Eric identifies an important issue for high-frequency grids, like those of Vancouver, Los Angeles, Chicago, Portland's eastside, etc … The short diagonal trip may be not much faster than walking. Here's how he describes it, complete with clever 1980s-style computer graphics:
When discussing grids, it is important to think about trips like the following:
Start
|
| (1/4 mile)
|
|********(1 mile)************
A—————————-B
*****************************|
*****************************|
*****************************| (1 mile)
*****************************|
*****************************|
*****************************|
*****************************|
*****************************C—–Finish
*****************************(1/4 mile)***(please ignore the '*' – they exist only to make the vertical lines go in the proper place).
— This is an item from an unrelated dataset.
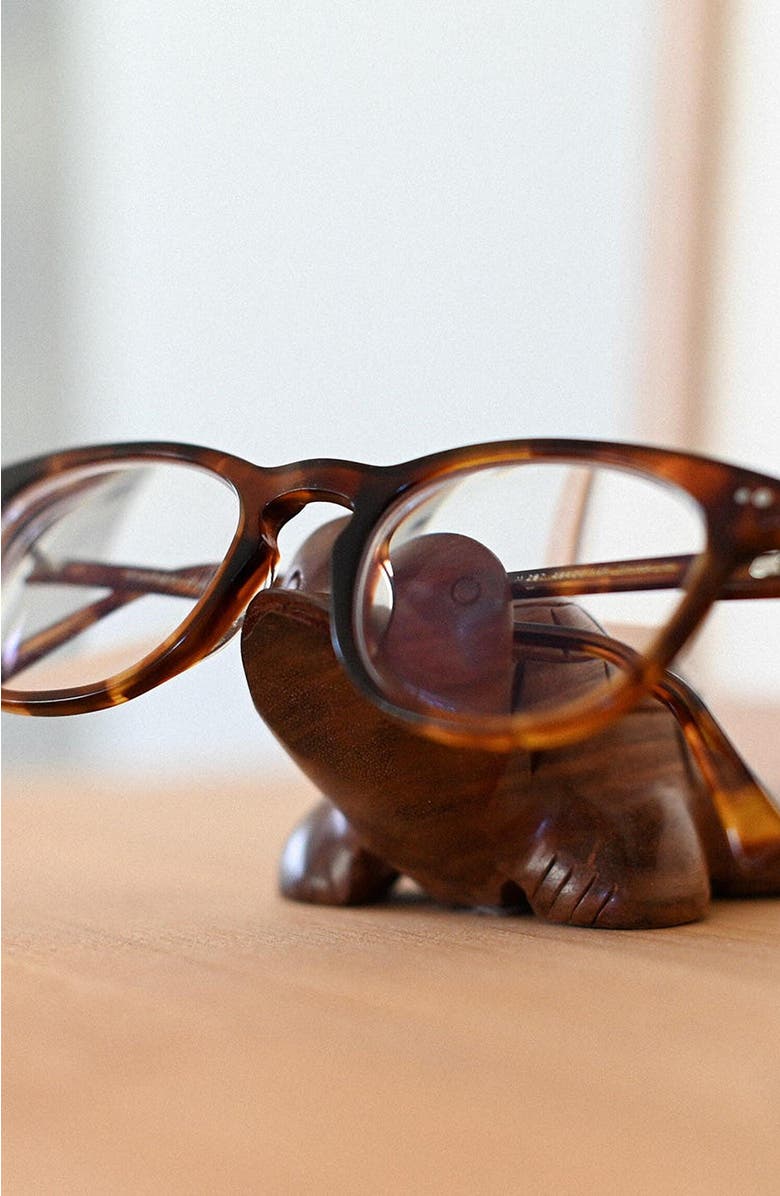 Matr Boomie Turtle Eyeglasses Holder/Stand, Alternate, color, Brown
The grid's approach to this trip would be to walk to A, then take a bus to B, then take another bus to C, then walk to the end. However, since each bus segment is so short, even with frequent service, the waiting time still becomes a huge deal.
For example, if we assume that the buses each run every 15 minutes the expected travel time might look something like this:
Time =
5 minutes (walk to A)
+ (0-15) minutes (wait)
+ (5-10) minutes (ride bus to B)
+ (0-15) minutes (wait)
+ (5-10) minutes (ride bus C)
+ 5 minutes (walk to destination)
= (20-60) minutesThe average 40 minute travel time is just 3.75 miles per hour, equivalent to a brisk walk, while the worst-case travel time is a mere 2.5 miles per hour, equivalent to a slow walk.
With the slow speeds and huge travel-time uncertainty in the above calculations, before you even consider the possibility of bunching leading to 20-30 minute waits, if the goal is simply to get to the destination quickly and reliably, transit can't even compete with walking, let along with driving.
This relegates the use of transit for these trips to people can't walk or bike and also can't afford to drive or spend $10 on a taxi ride.
Trips like these are not edge cases. I make trips like this quite frequently. Usually, I end up either biking or jogging the entire way or walking half way and taking a one-seat ride for the other half.
My personal opinion is not that the poor handling of such trips is a failure of transit, but rather that there are certain types of trips that transit is optimized for and short L-shaped trips isn't one of them. Short L-shaped trips are simply better accomplished by some other means, such as walking, jogging, skateboarding, bicycling, or even riding a taxi, while longer trips, especially trips in a straight line, allow transit to work more efficiently.
If anybody else has opinions on the matter, I look forward to hearing them!
Eric's point connects to a bunch of intersting issues:
- What other solution is there? Look at the overall mobility outcome from straight, fast, frequent lines in a grid pattern, and ask: OK, yes, this is not so convenient for the short diagonal, but what exactly can or should we do about that? In some cities, notably Los Angeles, you'll often find little circulators that serve some of these diagonals where there is a specific market for them, such as a link between two key local activity centers. But these are always going to be specialized because they are so much less efficient than the main grid lines.
- Note how much this outcome depends on the overall quality of the straight grid lines. Eric assumes they're pretty poor. In fact, the diagonal grid trip usually has a choice of two L-shaped paths ("over and down", or "down and over") so there's an opportunity to choose the better of these two, which will the the one that uses more frequent or faster services.
- Eric's assumptions are for a standard local-stop grid. Frequencies are assumed to be never better than 15 minutes, and travel speed, for example, is 5-10 min to go a mile, an average speed of only 6-12 mi/hr. Some urban lines are down in this range, but such performance should be considered a problem in urgent need of attention. Stop spacing and a range of minor infrastructure can have large impacts, and will yield benefits that are much greater than you'll get by dissipating your service over countless little diagonal shuttles. So there's much that can be done to improve the short-diagonal problem simply by focusing improvements on the grid lines.
In short, I agree with Eric's conclusion. Because I tend to live in urban places where most of my trips are short, I encounter the short diagonal problem all the time. It's a drag, but I deal with it because I'm pretty sure that it's geometrically impossible to "solve," except by undermining far larger benefits of a network that serves the whole city, and that moves fast enough to compete with cars, not with walking.